Forcejeé para poder liberarme, en la lucha, la cuchilla cayó rodando por la escalera, después golpeé a Clara, la golpeé con todas mis fuerzas, de pronto ella trastabilló y cayó rodando por las escaleras; me quedé paralizada mientras la veía caer, al llegar al piso golpeó su cabeza contra la pared lateral y quedó tirada boca arriba, cuando pude recuperarme comencé a bajar uno a uno los peldaños, agachándome tomé la cuchilla que al caer había quedado en uno de los peldaños y continué bajando; mi corazón palpitaba, estaba muy aterrada, mis lágrimas ya brotaban de mis ojos, al llegar hacia donde estaba ella tirada, con sumo cuidado pasé por su lado, siempre apuntándole con la cuchilla, cuando logré pasar corrí, corrí con todas mis fuerzas hacia la puerta de entrada, abrí la puerta y me dirigí corriendo hacia el auto de Álvaro llamándolo desesperadamente.
-¡¡¡Álvaro, Álvaro!!!- grité para despertarlo.
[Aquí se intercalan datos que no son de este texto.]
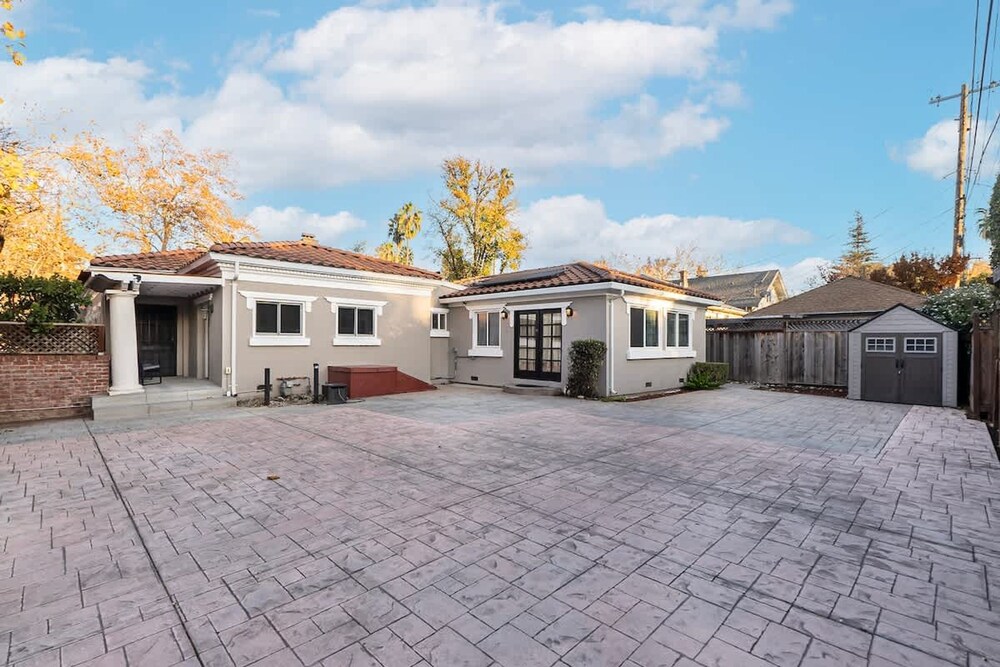 Stunning Roman Design 7bed5bath in Heart San Jose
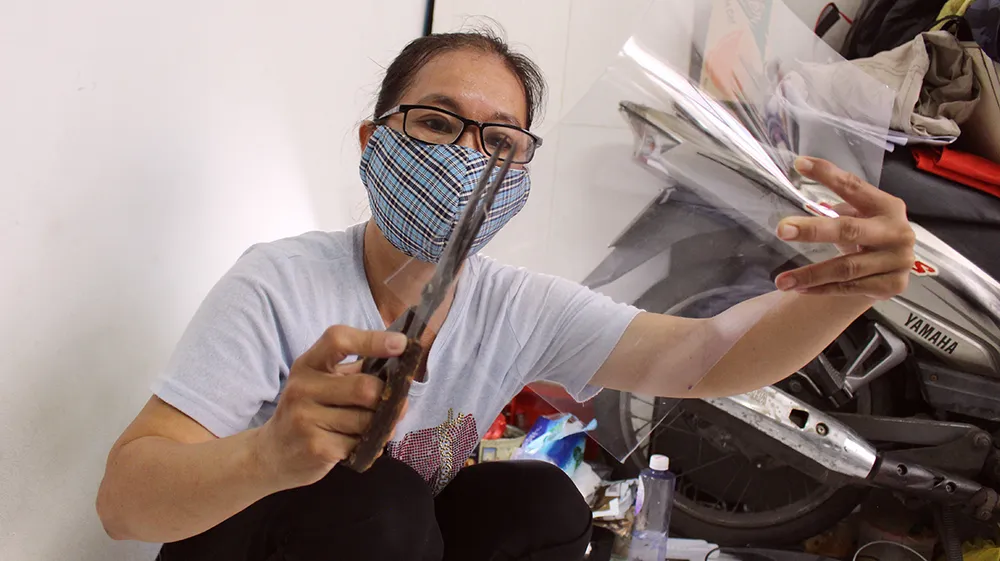 Chế tác mặt nạ ngăn giọt bắn dành tặng bác sĩ  ảnh 4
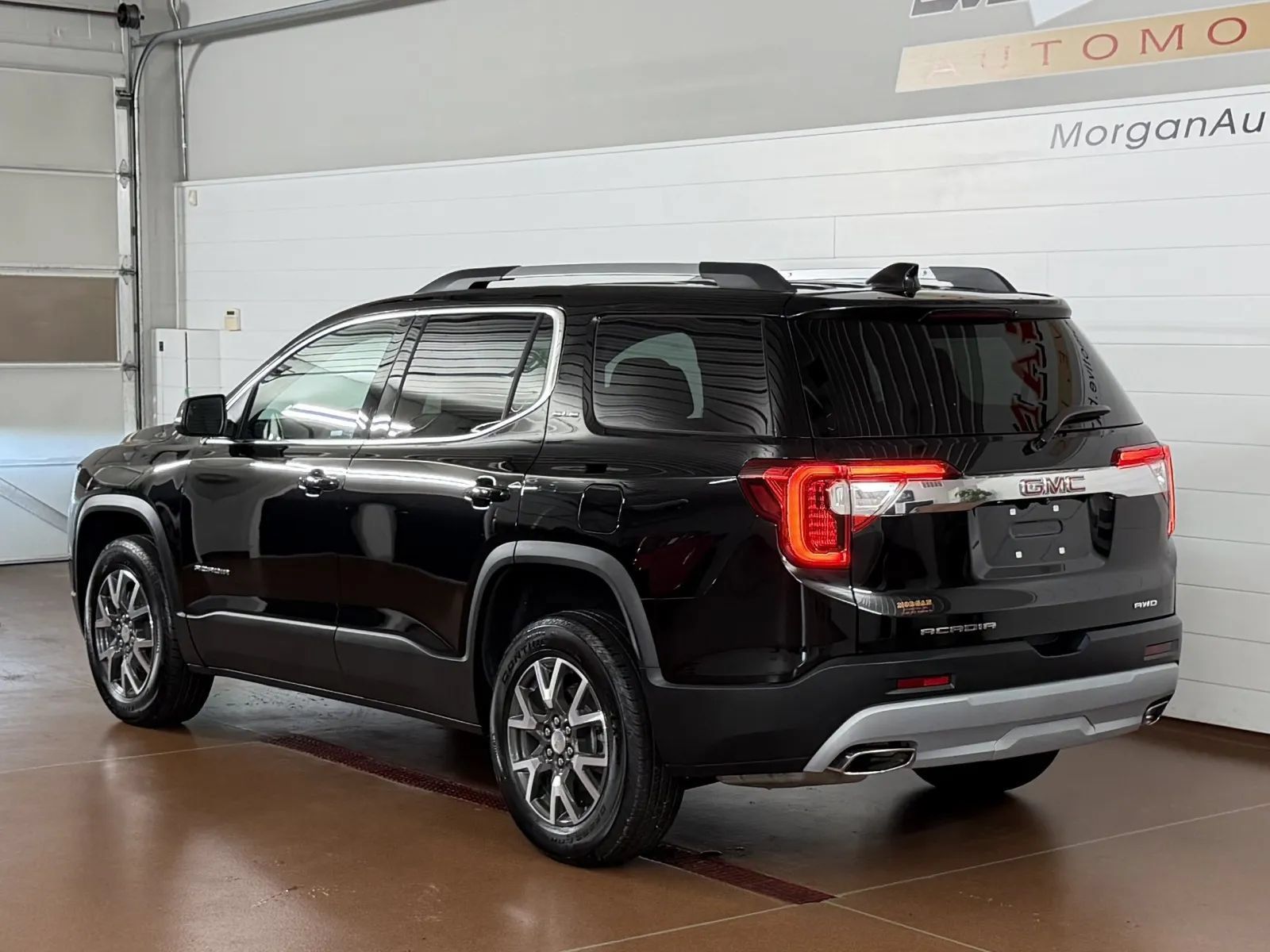 Used 2023 GMC Acadia SLE w/ Driver Convenience Package AWD/4WD image 5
Abrí la puerta del auto, lo moví para que se despertara, lo llamé muchísimas veces, de repente... me di cuenta que de su cuello le salía sangre, encendí la luz del auto para ver bien y me encontré con un cuadro horrendo; Álvaro no estaba dormido, sino que estaba muerto, tenía un disparo en el cuello. No podía creer que Clara haya sido capaz de matar a Álvaro como lo hizo con Sofía. En aquel momento entré en pánico cuando al darme vuelta vi salir de mi casa a Clara, corrí hacia el garaje, por suerte la puerta estaba abierta, al entrar en mi auto trabé las puertas, quise encender el motor pero me di cuenta que las llaves no estaban en él, ya era demasiado tarde para descender y salir a buscarlas, pues ya tenía a Clara muy cerca de mí, me acordé que en la guantera había otro juego, las tomé, encendí el motor y aceleré a fondo justo cuando Clara ya estaba encima de mi auto.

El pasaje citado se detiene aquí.